What to do:
Give again, word for word, every line below from the one that has "Gymboree White 'Dad's" through the one that has "LOVE PEARL orange", both included, and no others.

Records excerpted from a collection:
--- START ---
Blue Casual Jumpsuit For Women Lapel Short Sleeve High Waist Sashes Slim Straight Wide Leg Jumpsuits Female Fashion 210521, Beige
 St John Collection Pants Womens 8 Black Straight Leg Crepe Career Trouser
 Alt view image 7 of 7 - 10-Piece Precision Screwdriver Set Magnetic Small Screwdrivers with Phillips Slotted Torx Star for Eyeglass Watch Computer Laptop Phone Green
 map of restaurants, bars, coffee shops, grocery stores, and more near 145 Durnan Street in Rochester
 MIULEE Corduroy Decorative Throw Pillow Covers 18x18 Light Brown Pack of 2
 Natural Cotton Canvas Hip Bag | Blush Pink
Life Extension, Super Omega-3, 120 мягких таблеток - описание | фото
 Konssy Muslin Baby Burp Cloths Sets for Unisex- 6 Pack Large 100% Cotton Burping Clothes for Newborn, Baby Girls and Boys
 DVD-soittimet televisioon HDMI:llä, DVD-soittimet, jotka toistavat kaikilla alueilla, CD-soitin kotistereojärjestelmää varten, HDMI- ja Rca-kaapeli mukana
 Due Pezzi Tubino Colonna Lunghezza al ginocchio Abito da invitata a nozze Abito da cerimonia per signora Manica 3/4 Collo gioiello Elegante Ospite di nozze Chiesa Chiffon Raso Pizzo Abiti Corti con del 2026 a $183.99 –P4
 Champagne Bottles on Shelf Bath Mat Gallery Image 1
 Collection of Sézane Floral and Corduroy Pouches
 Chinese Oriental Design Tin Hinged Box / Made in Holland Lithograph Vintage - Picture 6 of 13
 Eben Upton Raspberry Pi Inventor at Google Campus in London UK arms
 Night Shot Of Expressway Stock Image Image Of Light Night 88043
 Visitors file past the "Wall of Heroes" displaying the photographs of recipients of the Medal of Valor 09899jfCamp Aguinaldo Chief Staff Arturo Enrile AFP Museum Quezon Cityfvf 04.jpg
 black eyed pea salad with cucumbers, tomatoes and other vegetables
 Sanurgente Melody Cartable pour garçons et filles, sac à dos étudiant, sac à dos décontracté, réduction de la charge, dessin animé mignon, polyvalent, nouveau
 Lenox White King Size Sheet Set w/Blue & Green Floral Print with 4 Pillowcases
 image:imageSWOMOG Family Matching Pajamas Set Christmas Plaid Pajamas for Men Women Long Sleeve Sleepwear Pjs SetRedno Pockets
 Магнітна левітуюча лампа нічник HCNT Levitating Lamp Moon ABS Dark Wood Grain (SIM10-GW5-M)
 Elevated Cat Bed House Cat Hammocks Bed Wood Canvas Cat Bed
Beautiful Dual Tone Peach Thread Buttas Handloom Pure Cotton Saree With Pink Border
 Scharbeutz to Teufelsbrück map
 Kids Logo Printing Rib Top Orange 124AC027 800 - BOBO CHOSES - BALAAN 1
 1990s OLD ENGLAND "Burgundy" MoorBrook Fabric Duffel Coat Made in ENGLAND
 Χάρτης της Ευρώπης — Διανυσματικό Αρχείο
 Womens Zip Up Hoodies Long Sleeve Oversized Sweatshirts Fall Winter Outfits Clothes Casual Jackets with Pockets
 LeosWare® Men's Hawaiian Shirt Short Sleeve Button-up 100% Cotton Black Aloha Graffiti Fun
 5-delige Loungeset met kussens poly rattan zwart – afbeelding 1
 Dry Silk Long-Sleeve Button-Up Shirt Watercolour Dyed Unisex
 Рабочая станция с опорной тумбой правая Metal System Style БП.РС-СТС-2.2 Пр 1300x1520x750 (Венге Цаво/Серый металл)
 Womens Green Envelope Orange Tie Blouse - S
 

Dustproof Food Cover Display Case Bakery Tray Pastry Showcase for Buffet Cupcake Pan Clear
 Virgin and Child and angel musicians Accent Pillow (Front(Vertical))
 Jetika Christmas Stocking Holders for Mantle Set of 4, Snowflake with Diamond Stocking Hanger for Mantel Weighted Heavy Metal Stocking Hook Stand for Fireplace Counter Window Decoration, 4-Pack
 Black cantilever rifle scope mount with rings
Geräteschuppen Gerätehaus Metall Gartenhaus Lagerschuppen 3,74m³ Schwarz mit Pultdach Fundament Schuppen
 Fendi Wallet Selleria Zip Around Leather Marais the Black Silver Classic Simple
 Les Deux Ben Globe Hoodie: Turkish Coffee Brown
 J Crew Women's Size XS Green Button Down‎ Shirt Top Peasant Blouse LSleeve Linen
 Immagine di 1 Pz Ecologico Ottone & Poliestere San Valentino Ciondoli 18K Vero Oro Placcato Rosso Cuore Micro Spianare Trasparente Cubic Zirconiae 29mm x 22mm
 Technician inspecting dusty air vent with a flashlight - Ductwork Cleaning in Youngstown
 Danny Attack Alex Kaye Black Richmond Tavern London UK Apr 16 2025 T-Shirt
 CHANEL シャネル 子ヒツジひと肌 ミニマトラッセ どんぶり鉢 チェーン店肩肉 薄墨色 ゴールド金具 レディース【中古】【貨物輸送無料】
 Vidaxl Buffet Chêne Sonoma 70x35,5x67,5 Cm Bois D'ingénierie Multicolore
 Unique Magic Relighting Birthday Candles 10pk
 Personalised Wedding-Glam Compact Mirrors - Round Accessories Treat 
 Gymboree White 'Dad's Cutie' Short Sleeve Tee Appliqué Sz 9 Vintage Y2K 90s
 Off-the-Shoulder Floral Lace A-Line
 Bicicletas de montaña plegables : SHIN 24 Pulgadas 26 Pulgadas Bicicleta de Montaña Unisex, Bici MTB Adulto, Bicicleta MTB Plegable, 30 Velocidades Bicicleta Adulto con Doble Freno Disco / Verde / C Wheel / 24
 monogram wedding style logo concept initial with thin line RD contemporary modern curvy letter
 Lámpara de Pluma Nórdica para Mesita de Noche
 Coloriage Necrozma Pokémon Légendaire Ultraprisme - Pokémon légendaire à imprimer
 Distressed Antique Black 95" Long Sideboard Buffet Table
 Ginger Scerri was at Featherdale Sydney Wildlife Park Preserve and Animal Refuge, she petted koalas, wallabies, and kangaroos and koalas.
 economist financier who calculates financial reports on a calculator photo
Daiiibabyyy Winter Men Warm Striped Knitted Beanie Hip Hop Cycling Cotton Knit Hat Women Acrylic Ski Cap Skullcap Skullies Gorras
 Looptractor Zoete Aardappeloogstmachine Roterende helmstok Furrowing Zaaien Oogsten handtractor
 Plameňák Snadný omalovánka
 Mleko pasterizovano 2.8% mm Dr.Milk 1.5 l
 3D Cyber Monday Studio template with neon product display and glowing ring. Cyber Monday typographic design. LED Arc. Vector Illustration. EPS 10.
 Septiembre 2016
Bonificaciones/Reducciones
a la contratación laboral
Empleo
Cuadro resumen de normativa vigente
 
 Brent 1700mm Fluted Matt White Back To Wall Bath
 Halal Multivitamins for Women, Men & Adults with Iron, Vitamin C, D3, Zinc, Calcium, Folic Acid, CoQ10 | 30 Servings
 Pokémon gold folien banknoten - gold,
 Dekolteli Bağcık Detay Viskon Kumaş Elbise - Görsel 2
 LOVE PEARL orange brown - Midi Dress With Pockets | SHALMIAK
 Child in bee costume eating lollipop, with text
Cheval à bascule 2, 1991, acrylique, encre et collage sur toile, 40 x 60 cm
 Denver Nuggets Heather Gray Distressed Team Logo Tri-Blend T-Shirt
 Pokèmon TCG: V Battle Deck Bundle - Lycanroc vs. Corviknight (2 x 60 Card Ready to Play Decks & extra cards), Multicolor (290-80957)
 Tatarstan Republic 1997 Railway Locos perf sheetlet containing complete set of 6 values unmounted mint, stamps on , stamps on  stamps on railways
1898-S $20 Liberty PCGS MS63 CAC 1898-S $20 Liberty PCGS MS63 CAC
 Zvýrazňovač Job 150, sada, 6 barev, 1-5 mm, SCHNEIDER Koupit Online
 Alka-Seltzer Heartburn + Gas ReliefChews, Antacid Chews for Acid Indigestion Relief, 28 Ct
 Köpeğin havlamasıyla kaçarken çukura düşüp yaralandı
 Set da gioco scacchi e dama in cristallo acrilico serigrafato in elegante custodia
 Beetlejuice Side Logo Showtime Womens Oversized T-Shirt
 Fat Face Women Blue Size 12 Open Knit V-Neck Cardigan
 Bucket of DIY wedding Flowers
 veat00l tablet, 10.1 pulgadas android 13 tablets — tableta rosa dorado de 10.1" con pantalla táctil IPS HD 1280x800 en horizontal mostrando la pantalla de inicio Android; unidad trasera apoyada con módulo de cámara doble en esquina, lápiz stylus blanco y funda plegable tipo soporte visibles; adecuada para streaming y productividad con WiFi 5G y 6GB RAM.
--- END ---
Answer box:
 Gymboree White 'Dad's Cutie' Short Sleeve Tee Appliqué Sz 9 Vintage Y2K 90s
 Off-the-Shoulder Floral Lace A-Line
 Bicicletas de montaña plegables : SHIN 24 Pulgadas 26 Pulgadas Bicicleta de Montaña Unisex, Bici MTB Adulto, Bicicleta MTB Plegable, 30 Velocidades Bicicleta Adulto con Doble Freno Disco / Verde / C Wheel / 24
 monogram wedding style logo concept initial with thin line RD contemporary modern curvy letter
 Lámpara de Pluma Nórdica para Mesita de Noche
 Coloriage Necrozma Pokémon Légendaire Ultraprisme - Pokémon légendaire à imprimer
 Distressed Antique Black 95" Long Sideboard Buffet Table
 Ginger Scerri was at Featherdale Sydney Wildlife Park Preserve and Animal Refuge, she petted koalas, wallabies, and kangaroos and koalas.
 economist financier who calculates financial reports on a calculator photo
Daiiibabyyy Winter Men Warm Striped Knitted Beanie Hip Hop Cycling Cotton Knit Hat Women Acrylic Ski Cap Skullcap Skullies Gorras
 Looptractor Zoete Aardappeloogstmachine Roterende helmstok Furrowing Zaaien Oogsten handtractor
 Plameňák Snadný omalovánka
 Mleko pasterizovano 2.8% mm Dr.Milk 1.5 l
 3D Cyber Monday Studio template with neon product display and glowing ring. Cyber Monday typographic design. LED Arc. Vector Illustration. EPS 10.
 Septiembre 2016
Bonificaciones/Reducciones
a la contratación laboral
Empleo
Cuadro resumen de normativa vigente
 
 Brent 1700mm Fluted Matt White Back To Wall Bath
 Halal Multivitamins for Women, Men & Adults with Iron, Vitamin C, D3, Zinc, Calcium, Folic Acid, CoQ10 | 30 Servings
 Pokémon gold folien banknoten - gold,
 Dekolteli Bağcık Detay Viskon Kumaş Elbise - Görsel 2
 LOVE PEARL orange brown - Midi Dress With Pockets | SHALMIAK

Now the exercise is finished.